Rep. Mark Sanford, R-S.C., a Freedom Caucus member, put it more bluntly. "For a caucus or a group, simply no' gets to be very, very dangerous in political terms," Sanford said. "You, at some point, have to find a way to get to yes.' Not on every bill, but certainly on some of them, cause if not, there's no reason to come your way from a negotiation standpoint and spend time with you. If it's just going to be no,' I'll go elsewhere."

Taking over

Rep. Mark Meadows took over as leader of the Freedom Caucus in December from Rep. Jim Jordan.

After years of being a leading figure in what was known on Capitol Hill as the "hell no" caucus, Meadows took over as leader in December from Rep. Jim Jordan, R-Ohio. The group had discussed making Jordan chairman for life, so it was a hard act to follow.

Jordan still commands respect, and he and Meadows describe each other as best friends, but the change in the caucus since Meadows took charge has been noticed on Capitol Hill and among members. Many argue that Jordan was a better fit for the Obama years but Meadows is right for today. Additionally, some members believe that without Meadows' negotiating, the bill would have failed.

Sanford said, "The personalities fit. Jim Jordan's background as a wrestler absolutely fit with his willingness to engage and tangle with the [Obama] administration.

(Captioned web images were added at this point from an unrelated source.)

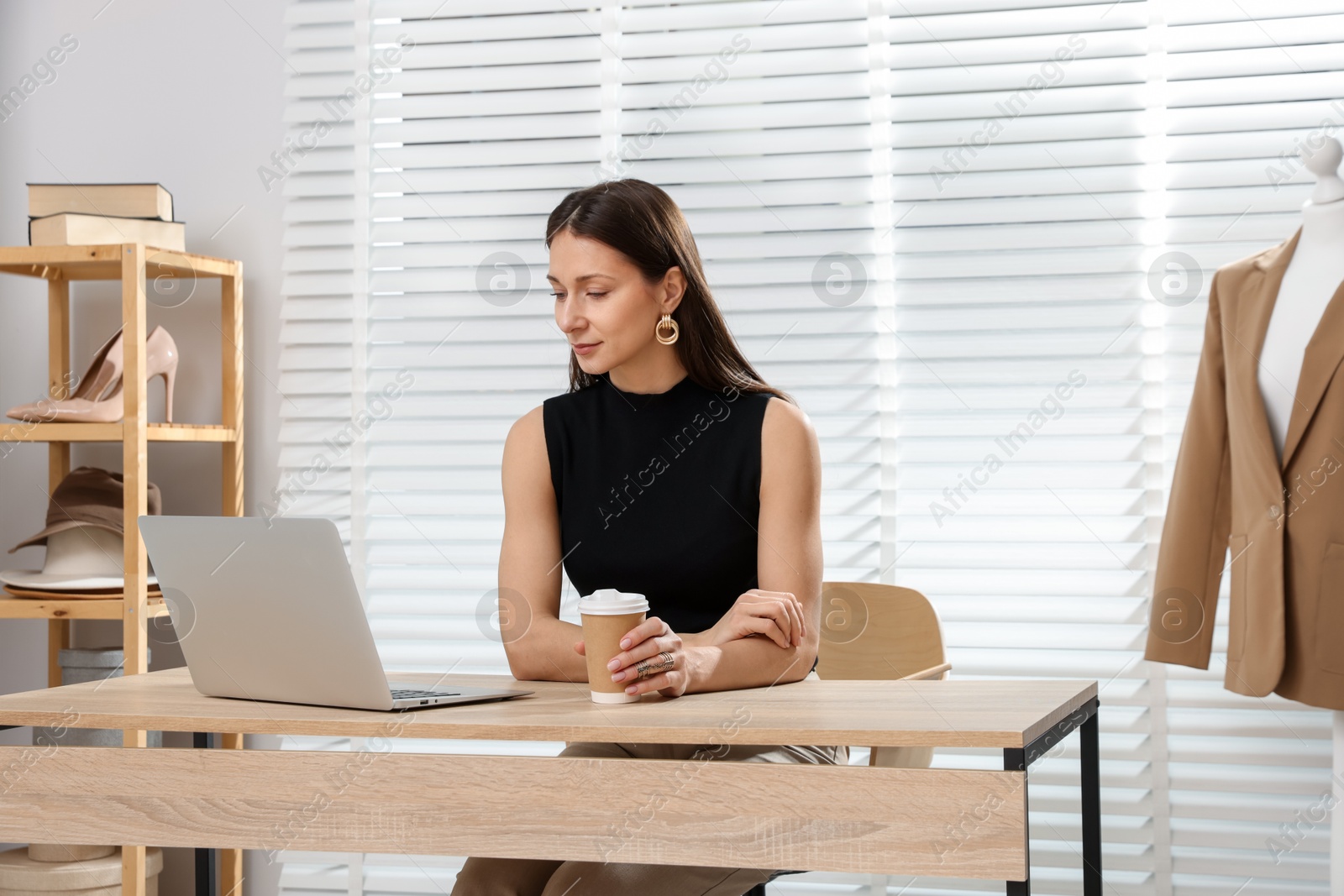 Photo of Professional stylist having online consultation with client via laptop at desk indoors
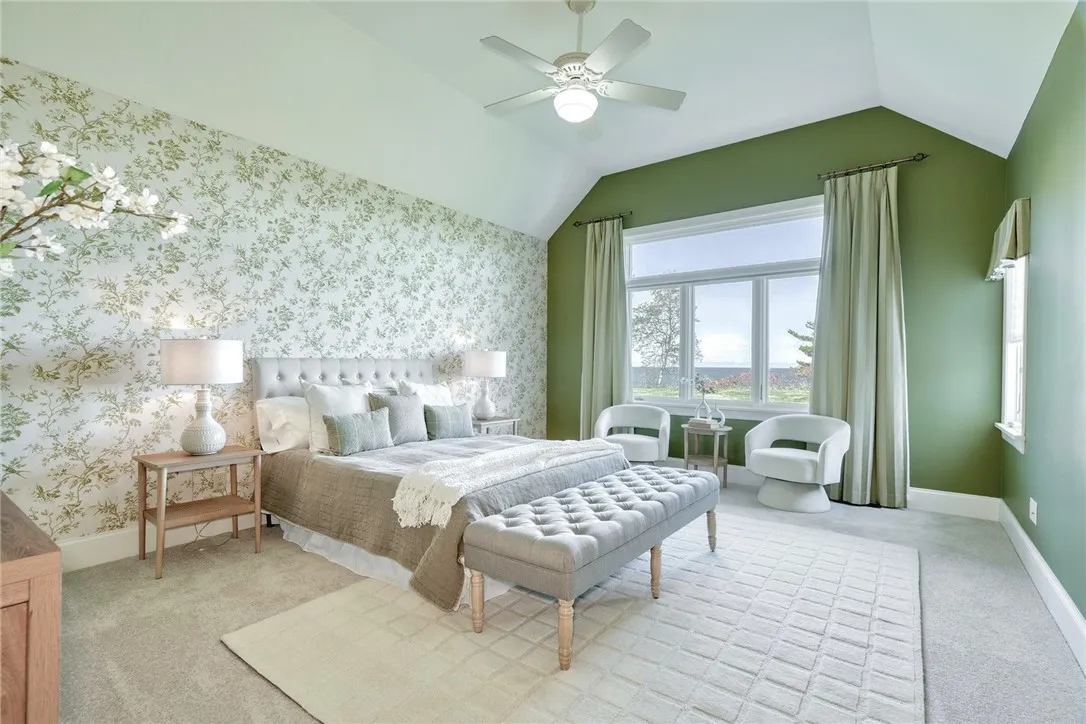 Wake up to the water! Volume ceilings, generous windows, and a true exhale—the primary suite lives on the first floor, so mornings start with the lake.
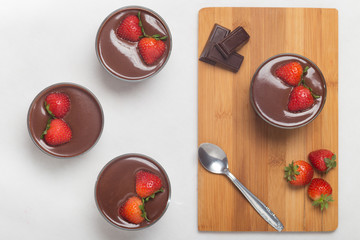 Fototapeta na wymiar Chocolate dessert with layered mascarpone, decorated with strawberries.
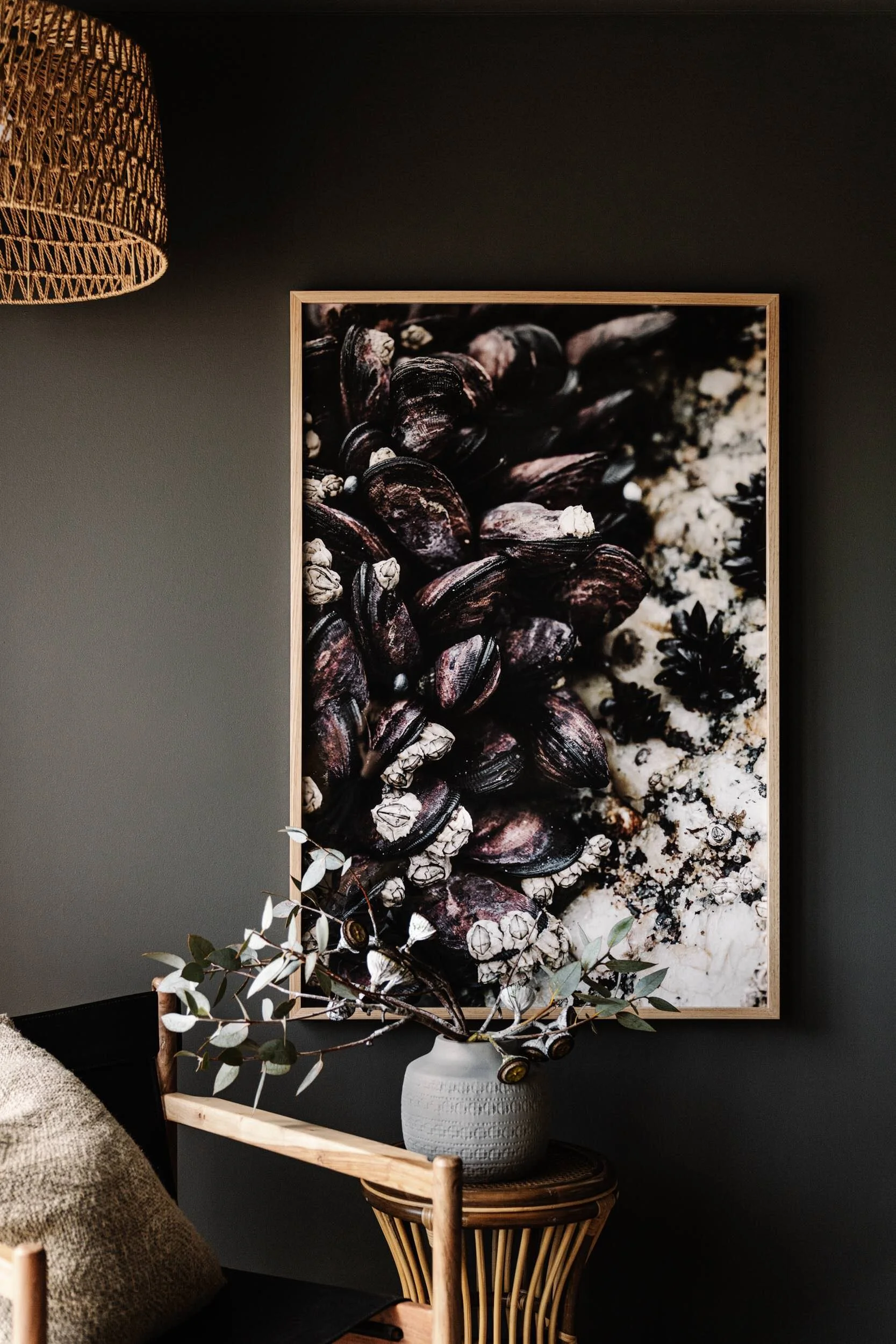 Very Shellfish print above a chair in a dark room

He's a fighter, and that's what the ring is all about.

"Mark is much more conciliatory. He's genteel. He's southern. He's cordial, and at times you can get more, certainly with this administration, with sweet rather than sour."

Meadows hardly disputes this, saying, "Do we have two different styles? Yeah. Jim was a two-time national champion wrestler, and I wasn't. I've gotta go to my strengths, and he can go to his."

Still, the Freedom Caucus is still regarded with skepticism months after it support the healthcare bill. Outsiders wonder whether the healthcare bill was a one-off or whether a readiness to compromise will also be apparent in negotiations over tax reform and other items on the GOP agenda.

"Only time will tell," said Rep. Chris Collins, R-N.Y., another Trump ally. "I actually think all of us took a step, hopefully, forward ... in the Tuesday Group and the Freedom Caucus, let's hope."

Not everyone agrees with Sanford. Budget Director Mick Mulvaney, a former Freedom Caucus stalwart, said, "I don't think the organization is any different with Meadows than it is with Jordan. If Mark Meadows gets run over by a bus tomorrow, I don't think it changes the nature of the Freedom Caucus."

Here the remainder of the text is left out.